The attacks took place in communities in Mangu, Bokkos and Barkin Ladi LGAs. The attackers also set ablaze more than 200 houses, according to the Plateau State Police Command.

In a statement on Saturday, Kukah said the insecurity across the country is tantamount to Nigeria being at war. He said the killers have turned the security agencies into objects of mockery and turned Nigerians into mere weeping, helpless victims and spectators.

He noted that funerals and coffins from attacks like the recent Plateau attack are now part of the daily lives of Nigerians.

The cleric, therefore, called on President Bola Tinubu to review the security arrangements of the country and implement permanent solutions to end these attacks.

“President Tinubu must know that the legitimacy of his government hangs on resolving this and giving us our country back,” Kukah stated.

He said years of military involvement have led to the mistaken notion that issues of security are military, adding that years of ‘guns and bullets approach’ have seen the growth of corruption, lack of cohesion, collaboration and coordination, and infighting among the security agencies.

“There is an urgent need to re-set the national security architecture. Enough is enough,” he said.

“National security is a function of robust, deep intellectual analysis and mapping of the goals and even ambitions of a country and its local, regional, or global place in the world.

“It thrives on creating scenarios based on a proper understanding and reading of geopolitics and locating where a country wants to be. So far, we have thrived on ad hoc and arbitrary options.”

Kukah, who asked the intelligence community to identify the attackers, their sponsors, and motives, noted that “these killings are no longer acts by herders and farmers over grazing fields.”.

He said: “There is more, and we as a nation will do well to face this threat before it is too late. No evil lasts forever. The world defeated slavery, apartheid, Nazism, racism, and forms of extremism.”

“It is the task of the intelligence community to tell us who they are, where they live, and what their goals are. These killers are professionals; are they Nigerians, or they have just Nigerian sponsors? Their sponsors are among us. They must be in high places. They are now embedded in the architecture of the state.”

He, however, commended the government for the way it responded to the tragedies: “unlike before, when no one bothered to visit the scenes, we are seeing very rapid responses from the top.”

He said it was not sufficient, as rebuilding these communities requires more than mere physical infrastructure.

He said there is a need for clearer, more imagined strategies for rebuilding community cohesion and resilience, adding that rebuilding people’s hearts is more urgent than rebuilding houses.

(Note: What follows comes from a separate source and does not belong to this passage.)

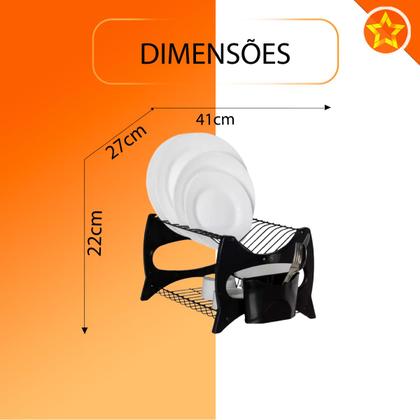Imagem de Escorredor De Louca Cozinha 13 Pratos Copo Duplo 2 Andares Porta Talheres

“Merely awarding contracts for the building of houses is not as important as building markets, rebuilding roads, providing agricultural inputs for farmers, and so on,” he said.

He noted that while religious leaders have continued to use their moral authority to pacify people and encourage them not to take laws into their own hands, there is a rise in anger and frustration among people.

He added that clerics even risk being seen as accomplices to an erring state as they continuously call for calm. “The Nigerian state itself risks becoming an undertaker in the eyes of its citizens,” he said.

“Our cups of sorrow are overflowing. We have shed enough tears. We may pretend that we are not at war, but truly, a war is being waged against the Nigerian state and its people. God forbid, but we could snap anytime, anywhere, and for any reason.”

Bishop Kukah said the attackers, whoever they are, have unspoken motives in the north-central part of the country.

According to him, the method, choice of location, communities, and timing of the attacks further restate the attackers’ motive.

“We may not know who they are, but someone wants something from the Middle Belt. Stretch your imagination from the emergence of the modern Nigerian state and connect the dots,” he said.

“We have questions crying for answers: Who are these killers? Where are they coming from? Who is sponsoring them? What are their grouses, and against whom? What do they want? Whom do they want? Who are they working for? When will it all end? Why are they invincible and invisible? Who is offering them cover? Are we condemned to live with this and hand this broken nation to our children? Should we all just become inoculated and sedated to make all this bearable? Who will supply the opium to dull our pain? Are we sleepwalking to self-destruction?”

The cleric lamented that the’murderers’ have left their footprints of blood and tears across the length and breadth of the entire northern states, indiscriminately wreaking destruction across large swaths of land and communities.

He said Nigerians are gradually succumbing to the fact that the killers do not respect religion, region, or ethnicity.

“In all this, the Nigerian state and its security agencies are blind-sided, seemingly incapable of cleaning up this Augean stable of sorrow and pain in our land,” he said.

“We are gradually taking eerie solace in the fact that these killers do not respect the boundaries of religion, region, or ethnicity. We seem to be consoled that they are destroying churches as well as mosques, killing Christians as well as Muslims. We seem to be lulled into a feeling of collective consolation, and we all believe that we are all victims of an endless orgy of violence that has taken over our land.”